The Preservation of Assets Stipulation and Order provides that defendants will pay all costs and expenses of the management trustee, including the cost of consultants, accountants, attorneys, and other representatives and assistants hired by the management trustee as are reasonably necessary to carry out his or her duties and responsibilities. After his or her appointment becomes effective, the management trustee will file monthly reports with plaintiffs setting forth the efforts to accomplish the goals of the Preservation of Assets Stipulation and Order and the proposed Final Judgment and the extent to which defendants are fulfilling their responsibilities. Finally, the management trustee may become the divestiture trustee, pursuant to the provisions of Section V of the proposed Final Judgment.

  1. Use of a Divestiture Trustee

In the event that defendants do not accomplish the divestiture within the periods prescribed in the proposed Final Judgment, the Final Judgment provides that the Court will appoint a trustee selected by plaintiff United States upon consultation with any relevant plaintiff state to effect the divestitures. As part of this divestiture, defendants must relinquish any direct or indirect financial ownership interests and any direct or indirect role in management or participation in control. Pursuant to Section V of the proposed Final Judgment, the divestiture trustee will own and control the systems until they are sold to a final purchaser, subject to safeguards to prevent defendants from influencing their operation.

Section V details the requirements for the establishment of the divestiture trust, the selection and compensation of the divestiture trustee, the responsibilities of the divestiture trustee in connection with the divestiture and operation of the Divestiture Assets, and the termination of the divestiture trust. The divestiture trustee will have the obligation and the sole responsibility, under Section V.D, for the divestiture of any transferred Divestiture Assets. The divestiture trustee has the authority to accomplish divestitures at the earliest possible time and "at the best price then obtainable upon a reasonable effort by the trustee." In addition, to insure that the divestiture trustee can promptly locate and divest to an acceptable purchaser, plaintiff United States, in its sole discretion upon consultation with any relevant plaintiff state, may require defendants to include additional assets, or allow defendants to substitute substantially similar assets, which substantially relate to the Wireless Business Divestiture Assets to be divested by the divestiture trustee.
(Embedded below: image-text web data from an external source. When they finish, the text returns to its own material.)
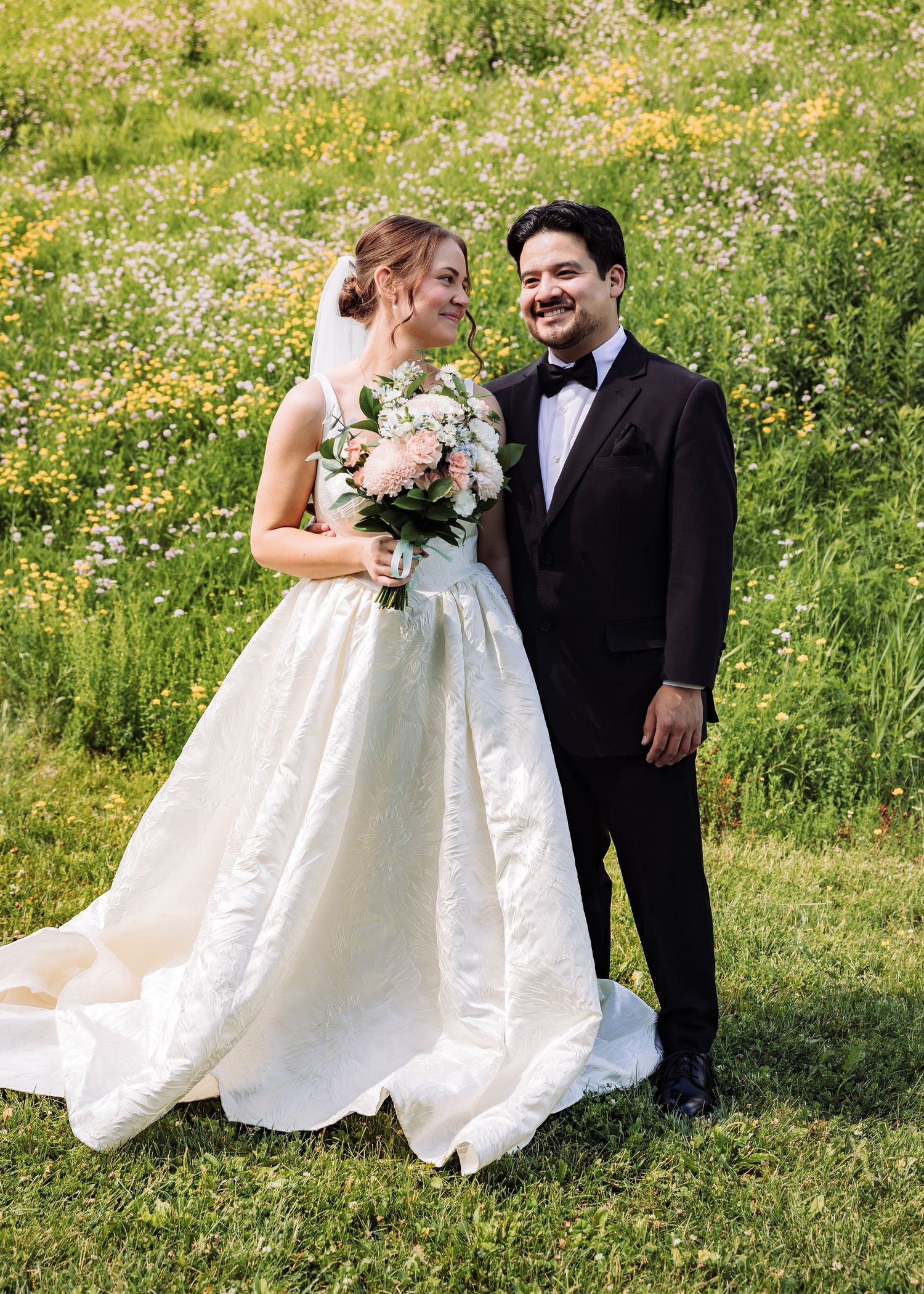 A bride in a white ball gown holding a floral bouquet stands with a groom in a black tuxedo in a wildflower meadow.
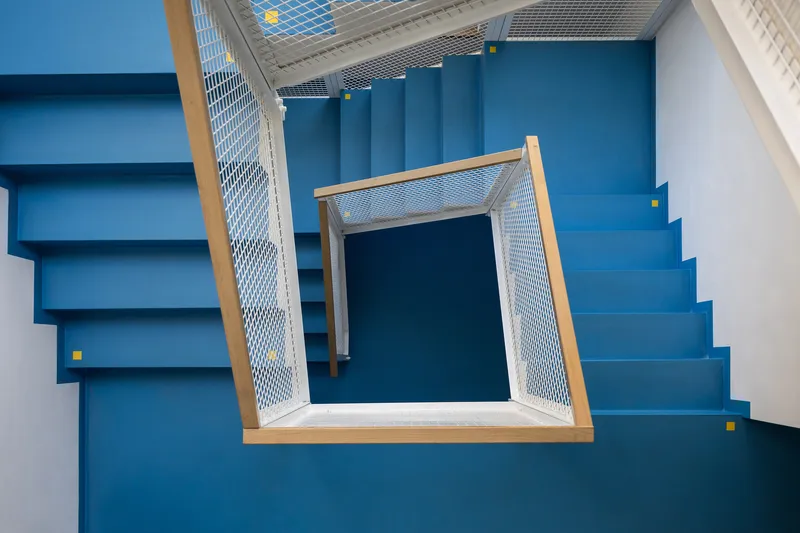 Top-down view of the stairwell with blue painted treads and timber-framed mesh balustrade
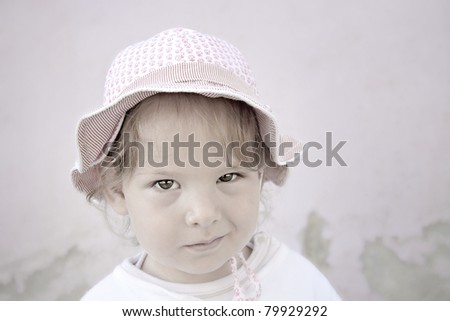 The smart looks of a little girl on a simple background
The divestiture trustee will not only have responsibility for sale of the Divestiture Assets, but will also be the authorized holder of the wireless licenses, with full responsibility for the operations, marketing, and sales of the wireless businesses to be divested, and will not be subject to any control or direction by defendants. Defendants will no longer have any role in the ownership, operation, or management of the Divestiture Assets following consummation of the transaction, as provided by Section V, other than the right to receive the proceeds of the sale, and certain obligations to provide support to the Divestiture Assets, and cooperate with the divestiture trustee in order to complete the divestiture, as indicated in Section VI.L and in the Preservation of Assets Stipulation and Order.

The proposed Final Judgment provides that defendants will pay all costs and expenses of the divestiture trustee. The divestiture trustee's commission will be structured, under Section V.G of the proposed Final Judgment, so as to provide an incentive for the divestiture trustee based on the price obtained and the speed with which the divestitures are accomplished. After his or her appointment becomes effective, the divestiture trustee will file monthly reports with the Court and plaintiffs setting forth his or her efforts to accomplish the divestitures. Section V.J requires the divestiture trustee to divest the Divestiture Assets to an acceptable purchaser or purchasers no later than six months after the assets are transferred to the divestiture trustee. At the end of six months, if all divestitures have not been accomplished, the trustee, plaintiff United States, and any relevant plaintiff state will make recommendations to the Court, which shall enter such orders as appropriate in order to carry out the purpose of the trust, including extending the trust or term of the trustee's appointment.

The divestiture provisions of the proposed Final Judgment will eliminate the anticompetitive effects of the transaction in the provision of mobile wireless telecommunications services and mobile wireless broadband services. The divestitures of the Wireless Business Divestiture Assets and the Minority Interests will preserve competition in mobile wireless telecommunications services by maintaining an independent and economically viable competitor in the relevant geographic markets. The divestiture of the Spectrum Divestiture Assets will preserve competition in mobile wireless broadband services by making assets available to establish a new, independent, and economically viable competitor.

IV. Remedies Available to Potential Private Litigants

Section 4 of the Clayton Act, 15 U.S.C. § 15, provides that any person who has been injured as a result of conduct prohibited by the antitrust laws may bring suit in federal court to recover three times the damages the person has suffered, as well as costs and reasonable attorneys' fees. Entry of the proposed Final Judgment will neither impair nor assist the bringing of any private antitrust damage action. Under the provisions of Section 5(a) of the Clayton Act, 15 U.S.C. § 16(a), the proposed Final Judgment has no prima facie effect in any subsequent private lawsuit that may be brought against defendants.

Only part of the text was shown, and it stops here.